### Exercise prompt
Transcribe, exactly and without pictures, the lines below from the line with "240 Pine View Dr, Bloomingdale, GA 31302" to the line with "New 2025 Porsche Macan 4S Electric image 28", both ends included, and no others.

### Dataset content
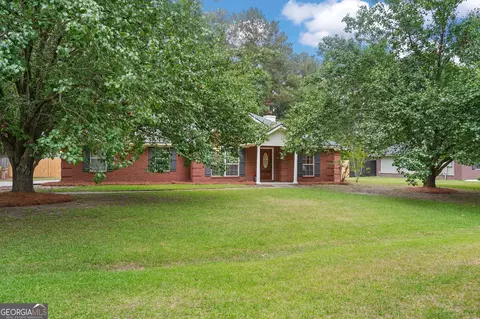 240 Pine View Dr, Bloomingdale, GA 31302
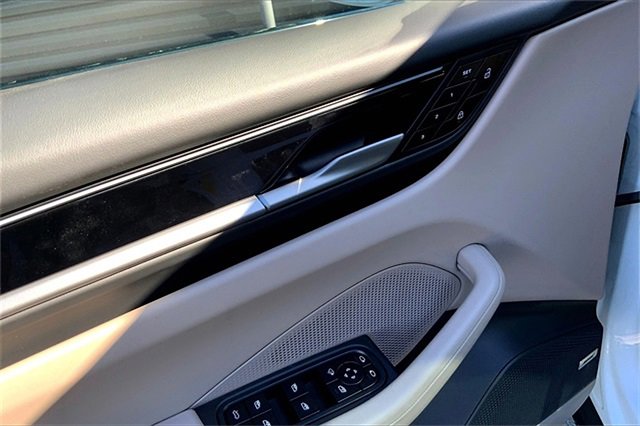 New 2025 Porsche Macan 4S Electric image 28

* * *

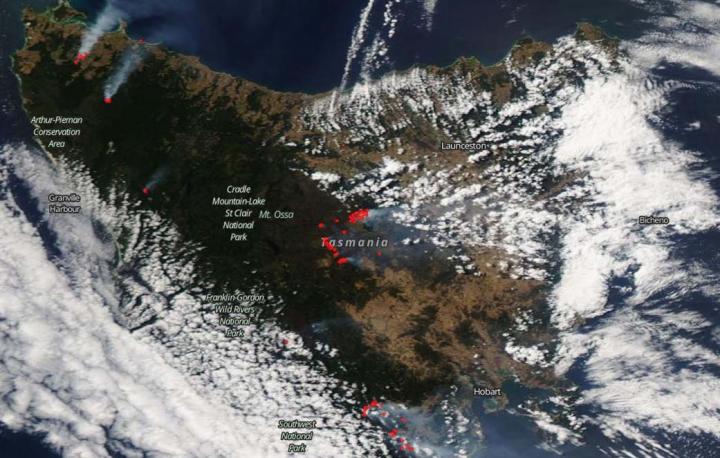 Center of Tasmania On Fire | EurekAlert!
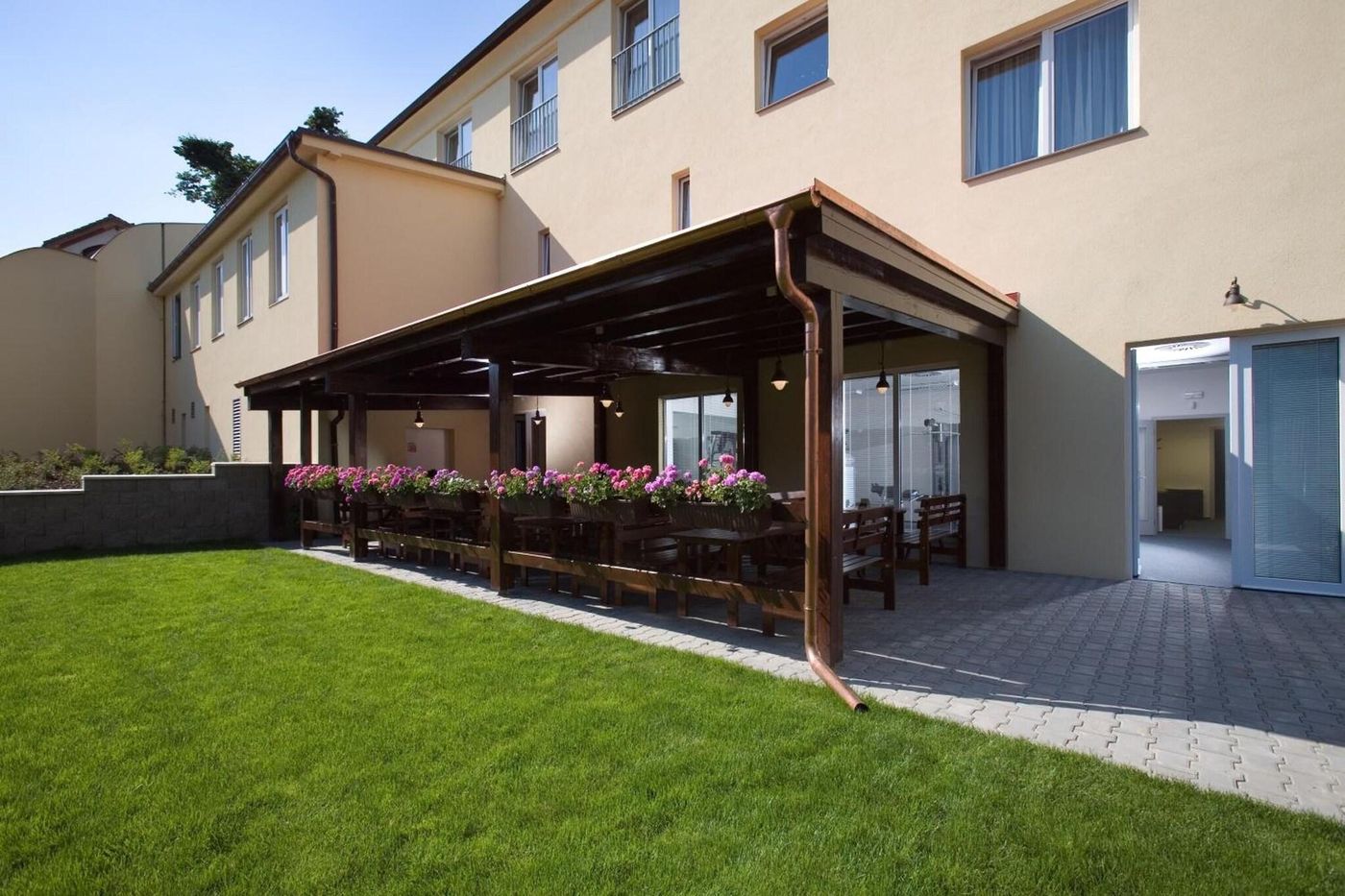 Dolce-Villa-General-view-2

### Exercise result
 240 Pine View Dr, Bloomingdale, GA 31302
 New 2025 Porsche Macan 4S Electric image 28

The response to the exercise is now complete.